SSCAIT round robin is over
And that’s it, the SSCAIT 2019 round robin phase is complete. The last game was #40 CUNYBot by Bryan Weber > #43 Marine Hell.
We have #1 Locutus, #2 PurpleWave, #3 BetaStar. Oldtimers with little or no recent development that qualified for the round of 16 are #5-6 Iron (tied with BananaBrain), #12 Killerbot by Marian Devecka, and #15-16 Bereaver. The last bots to qualify were #15-16 TyrProtoss and Bereaver, and the first to miss out was #17 StyxZ with 2 wins fewer. Arrakhammer that I thought would be a close call fell several places and tied with Skynet by Andrew Smith and XIMP by Tomas Vajda for places #19-21 (not bad company). I think this is the first time XIMP has ever failed to reach the finals; the field has finally overtopped it.
Top terran is #4 Halo by Hao Pan. Top zerg is #9 Microwave. I want to call out #10 Proxy and #13 MadMixP as doing particularly well.
Good work, all! As far as I am concerned, the round robin is the main tournament and the finals are lagniappe. Still, there’s more to look forward to.
Comments
Dan on :
Congrats on another playoff appearance, and good luck!
MicroDK on :
Dan on :
I've made the case against win% round robin formats before and will continue to do so whenever given the platform. I don't think they make sense as a format because:
1. Human StarCraft tournaments are not played with the expectation of winning nearly 100% of games. They're played with the requirement of winning best-of-N series. Having to prepare for win% round robin renders our bots less prepared for play against humans.
2. The requirement of winning ~100% of games eliminates large swaths of the human metagame.

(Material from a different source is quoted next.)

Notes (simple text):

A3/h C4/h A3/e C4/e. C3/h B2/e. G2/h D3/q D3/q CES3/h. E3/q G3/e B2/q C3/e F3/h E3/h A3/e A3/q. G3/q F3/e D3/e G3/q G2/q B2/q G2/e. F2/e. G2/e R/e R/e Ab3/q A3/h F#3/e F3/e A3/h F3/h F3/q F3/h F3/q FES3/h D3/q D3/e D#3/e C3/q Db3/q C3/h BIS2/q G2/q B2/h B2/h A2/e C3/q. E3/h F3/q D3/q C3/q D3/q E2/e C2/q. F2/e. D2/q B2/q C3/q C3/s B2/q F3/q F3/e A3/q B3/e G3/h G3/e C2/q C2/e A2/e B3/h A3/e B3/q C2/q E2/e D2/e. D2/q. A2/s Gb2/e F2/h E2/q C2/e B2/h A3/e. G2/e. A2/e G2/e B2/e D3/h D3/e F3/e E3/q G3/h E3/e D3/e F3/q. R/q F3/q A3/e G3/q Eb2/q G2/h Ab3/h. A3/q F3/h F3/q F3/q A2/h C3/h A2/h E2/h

For example, 12 Hatch in ZvZ becomes totally unviable against opponents who are going to 4pool more than ~5% of the time. This leads to conservative, repetitive play, and less interesting games.
3. The requirement of winning ~100% of games assumes that the game is balanced across race matchups. It's not. Trying to win TvT 100% of the time is way easier than trying to win ZvZ 100% of the time, because TvT is rarely won or lost in a single moment, but ZvZ often is. I think the format overall is really bad for Zerg.

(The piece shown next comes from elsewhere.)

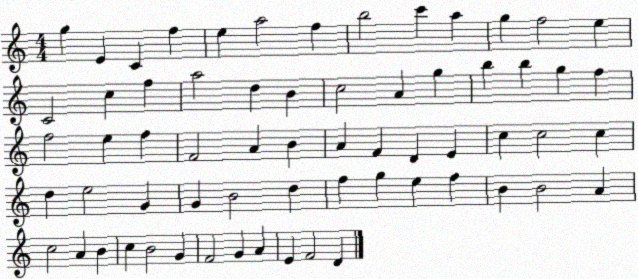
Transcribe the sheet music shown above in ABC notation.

4. The format encourages shoring up tiny weaknesses against weaker bots rather than improving overall play against stronger bots. This produces games that are both less fun to work on and less interesting to watch.

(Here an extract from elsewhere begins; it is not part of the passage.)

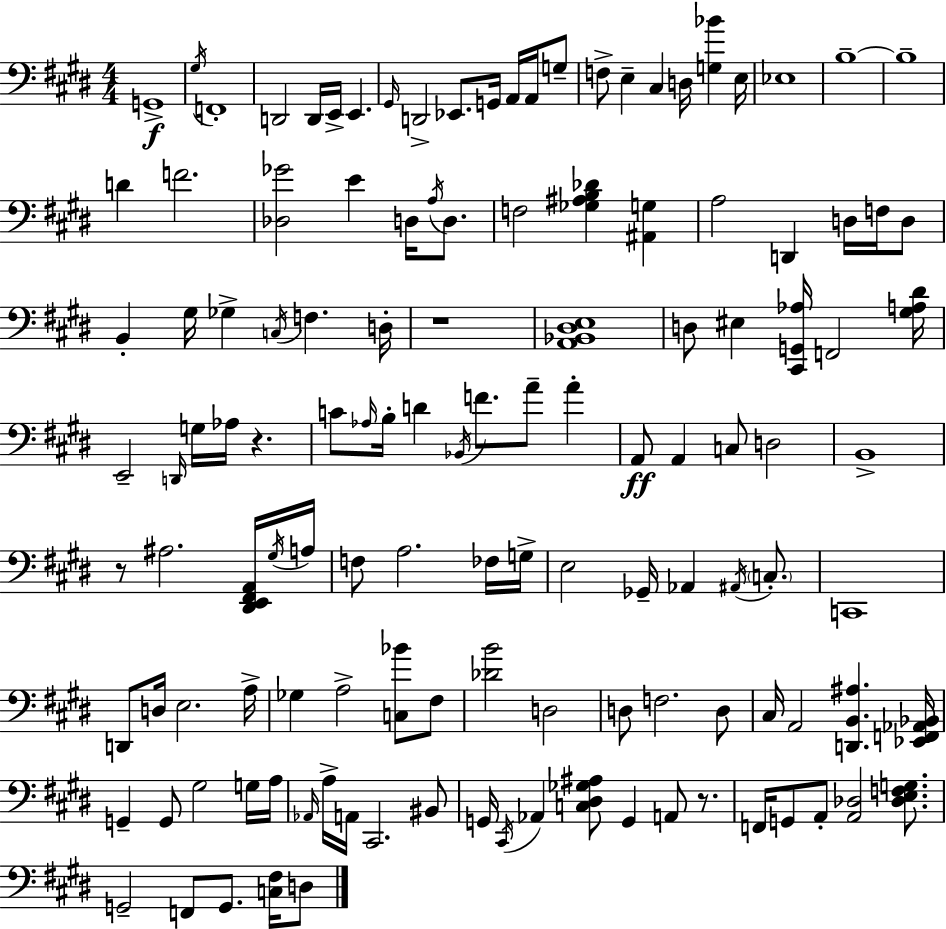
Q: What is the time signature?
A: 4/4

You've asked me before what I think the alternative is. I think round robin qualifiers for an elimination bracket are good (with the elimination bracket being the focus). But to create a better event that's pure round robin, I think the formula is this:
1. Bots are ranked on how many opponents they had winning matchups against
2. First tiebreaker: Head-to-head record against all tied opponents
3. Second tiebreaker: Overall win%
This format encourages authors to produce stronger play in the human dimension (eg. trying to win series against strong opponents, not trying to stomp weaker opponents with perfect efficiency). It'd lead to more interesting games, better bot-vs-human play, and frankly would be a lot more fun to work on as an author.
Jay Scott on :
http://satirist.org/ai/starcraft/blog/archives/9-tournament-design.html
Dan on :
MicroDK on :
MicroDK on :
Add 0.5 for each 1-1 matchups.
Just like in chess, a winning matchup is 1, a draw matchup is 0.5 and a loss matchup is 0. This year Microwave has a lot of 1-1 matchups, and I think that 1-1 should still count for something.
Jay Scott on :
MicroDK on :
Well... 1-1 matchups needs to count somehow... I can't se they should not.